Digital Disruption Saps Confidence Among Insurance Agencies

 
 
By Nathan Eddy  |  Posted 2015-10-23 Print this article Print
 
 
 
 
 
 
 
digital distruption and insurance

To negate market threats, the majority of large agencies reported an increase in technology budgets, according to the Vertafore survey.

Insurance agencies of all sizes are less optimistic about future growth based on year-over-year results, with the biggest drop in sentiment coming from large agencies where only 33 percent claim to be very optimistic, compared to 70 percent in 2014.

This was one of the findings of Vertafore’s second annual survey of 200 principals or producers from independent U.S. insurance agencies, which also revealed the primary culprits driving industry uncertainty.

Those include carrier adoption of predictive analytics (59 percent), Google’s entry into the insurance market (54 percent) and self-directed preferences of Millennials (48 percent).

"Customer expectations are driving the evolution of digital disruption.

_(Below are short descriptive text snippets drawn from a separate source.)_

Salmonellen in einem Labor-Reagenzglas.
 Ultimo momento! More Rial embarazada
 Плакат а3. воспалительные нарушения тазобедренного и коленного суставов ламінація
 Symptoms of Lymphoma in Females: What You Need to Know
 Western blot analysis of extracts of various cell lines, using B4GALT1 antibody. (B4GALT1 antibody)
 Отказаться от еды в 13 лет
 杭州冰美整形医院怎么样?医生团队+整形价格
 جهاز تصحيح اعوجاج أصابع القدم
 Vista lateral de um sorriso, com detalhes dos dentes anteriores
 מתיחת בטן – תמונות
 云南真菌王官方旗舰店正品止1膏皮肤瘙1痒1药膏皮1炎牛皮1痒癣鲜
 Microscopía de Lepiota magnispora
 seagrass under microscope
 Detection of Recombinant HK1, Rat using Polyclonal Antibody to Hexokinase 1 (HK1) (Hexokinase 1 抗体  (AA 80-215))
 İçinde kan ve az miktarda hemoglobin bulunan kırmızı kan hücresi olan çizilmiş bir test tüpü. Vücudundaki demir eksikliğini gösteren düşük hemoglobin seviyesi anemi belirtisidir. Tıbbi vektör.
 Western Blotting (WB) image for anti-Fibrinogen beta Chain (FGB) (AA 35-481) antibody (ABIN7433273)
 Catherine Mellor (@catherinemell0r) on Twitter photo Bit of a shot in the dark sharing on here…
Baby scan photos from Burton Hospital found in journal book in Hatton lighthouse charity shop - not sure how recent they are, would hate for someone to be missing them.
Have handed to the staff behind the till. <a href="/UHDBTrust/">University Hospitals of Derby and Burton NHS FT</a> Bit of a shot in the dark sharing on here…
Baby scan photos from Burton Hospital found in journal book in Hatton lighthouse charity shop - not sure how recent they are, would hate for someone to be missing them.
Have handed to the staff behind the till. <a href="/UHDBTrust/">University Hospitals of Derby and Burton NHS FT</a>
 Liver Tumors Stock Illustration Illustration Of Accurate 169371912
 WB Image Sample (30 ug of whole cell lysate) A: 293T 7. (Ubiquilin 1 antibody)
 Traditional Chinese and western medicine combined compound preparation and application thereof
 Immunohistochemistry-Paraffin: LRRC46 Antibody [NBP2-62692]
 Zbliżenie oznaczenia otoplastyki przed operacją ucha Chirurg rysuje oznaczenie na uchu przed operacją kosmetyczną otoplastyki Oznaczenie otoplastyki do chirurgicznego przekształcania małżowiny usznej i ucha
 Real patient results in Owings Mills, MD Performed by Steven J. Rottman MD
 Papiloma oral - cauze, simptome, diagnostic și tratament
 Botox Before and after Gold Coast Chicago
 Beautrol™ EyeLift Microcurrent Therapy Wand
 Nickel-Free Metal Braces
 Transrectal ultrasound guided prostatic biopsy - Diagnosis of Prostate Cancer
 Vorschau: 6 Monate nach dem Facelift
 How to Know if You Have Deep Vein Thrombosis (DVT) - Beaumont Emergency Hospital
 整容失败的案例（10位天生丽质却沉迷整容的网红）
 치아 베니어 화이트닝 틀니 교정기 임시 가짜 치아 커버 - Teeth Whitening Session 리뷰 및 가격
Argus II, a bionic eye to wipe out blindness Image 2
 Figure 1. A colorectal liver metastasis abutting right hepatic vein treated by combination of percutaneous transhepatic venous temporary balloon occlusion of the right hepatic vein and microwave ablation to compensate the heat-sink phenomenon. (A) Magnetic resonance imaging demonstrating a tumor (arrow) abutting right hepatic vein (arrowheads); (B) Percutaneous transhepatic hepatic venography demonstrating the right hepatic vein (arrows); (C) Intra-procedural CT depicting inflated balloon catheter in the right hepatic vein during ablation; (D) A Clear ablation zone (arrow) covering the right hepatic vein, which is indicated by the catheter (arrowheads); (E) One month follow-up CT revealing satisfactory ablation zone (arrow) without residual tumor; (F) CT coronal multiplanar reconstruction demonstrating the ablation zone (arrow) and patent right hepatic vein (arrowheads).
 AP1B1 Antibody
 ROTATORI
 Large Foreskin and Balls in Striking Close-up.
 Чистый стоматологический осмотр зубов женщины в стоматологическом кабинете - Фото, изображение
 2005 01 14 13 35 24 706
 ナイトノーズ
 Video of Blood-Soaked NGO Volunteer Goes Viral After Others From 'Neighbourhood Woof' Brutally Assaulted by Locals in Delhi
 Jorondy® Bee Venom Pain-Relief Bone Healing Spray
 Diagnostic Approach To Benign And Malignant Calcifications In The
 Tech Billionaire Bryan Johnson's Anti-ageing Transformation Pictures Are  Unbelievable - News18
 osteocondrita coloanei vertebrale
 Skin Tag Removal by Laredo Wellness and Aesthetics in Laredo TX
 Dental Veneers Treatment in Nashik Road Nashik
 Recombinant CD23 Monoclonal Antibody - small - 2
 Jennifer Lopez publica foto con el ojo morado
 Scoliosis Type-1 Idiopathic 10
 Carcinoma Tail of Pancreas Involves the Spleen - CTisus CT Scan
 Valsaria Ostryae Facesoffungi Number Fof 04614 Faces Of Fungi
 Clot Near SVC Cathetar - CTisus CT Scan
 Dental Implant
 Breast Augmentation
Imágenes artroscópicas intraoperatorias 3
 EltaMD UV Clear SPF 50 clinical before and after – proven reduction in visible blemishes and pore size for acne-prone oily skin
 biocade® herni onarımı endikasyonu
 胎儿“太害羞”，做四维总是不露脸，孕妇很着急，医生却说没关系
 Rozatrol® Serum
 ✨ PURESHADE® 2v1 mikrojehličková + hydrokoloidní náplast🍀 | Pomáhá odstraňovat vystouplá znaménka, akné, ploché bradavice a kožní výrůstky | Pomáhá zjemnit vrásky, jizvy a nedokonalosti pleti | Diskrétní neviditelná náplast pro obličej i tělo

They’re demanding access to their insurance companies on their terms, on their timeline," Guy Weismantel, vice president of marketing at Vertafore, told eWEEK. "Digital insurers need a multi-channel approach to meet these demands through social media, client portals, and an IT strategy that understands the handshake of business is as likely to happen online as it is in an office."

To negate market threats, the majority of large agencies reported an increase in technology budgets, specifically for self-service, cloud and mobile technologies.

Meanwhile, small agency technology budgets remained stagnant near 60 percent, and the group of very optimistic agents dropped from 25 percent to 11 percent.

Of the dominant threats identified in the survey, agents of all sizes singled out predictive analytics as the biggest threat to the future of their business, with 59 percent indicating carriers integrating risk analytics solutions as a moderate to serious Another major threat expressed by respondents is the influx of new market entrants providing access to insurance products and information to consumers online.

Examples include companies outside of the P&C industry, such as Walmart and car dealerships, as well as new premium aggregator websites like Google Compare and Zenefits.

More than half (54 percent) of agents surveyed now feel moderately to seriously threatened by these competitive newcomers.

"Today's insurance marketplace isn't just highly competitive --it's highly digital," Weismantel said. "Successful agencies need to become digital insurers to stay relevant, to drive better customer service and satisfaction, increase profitability, and build a strong future."

This year’s survey identified advanced customer self-service capabilities (47 percent) including websites and interactive voice response (IVR), as well as investments in cloud services and solutions (43 percent) as primary drivers for spending within the next 12 months.

Investments in mobile (40 percent) in the form of mobile-friendly websites and apps also made the list of technology budget priorities.

"Mobile is an integral part of everyday life for consumers, and agents are just beginning to realize the ROI of creating a more personalized, mobile experience for their customers," Weismantel said. "By enabling agents to communicate with customers via mobile and text, independent insurance agents can ensure the highest quality of service possible by connecting with customers at all times in the method they prefer."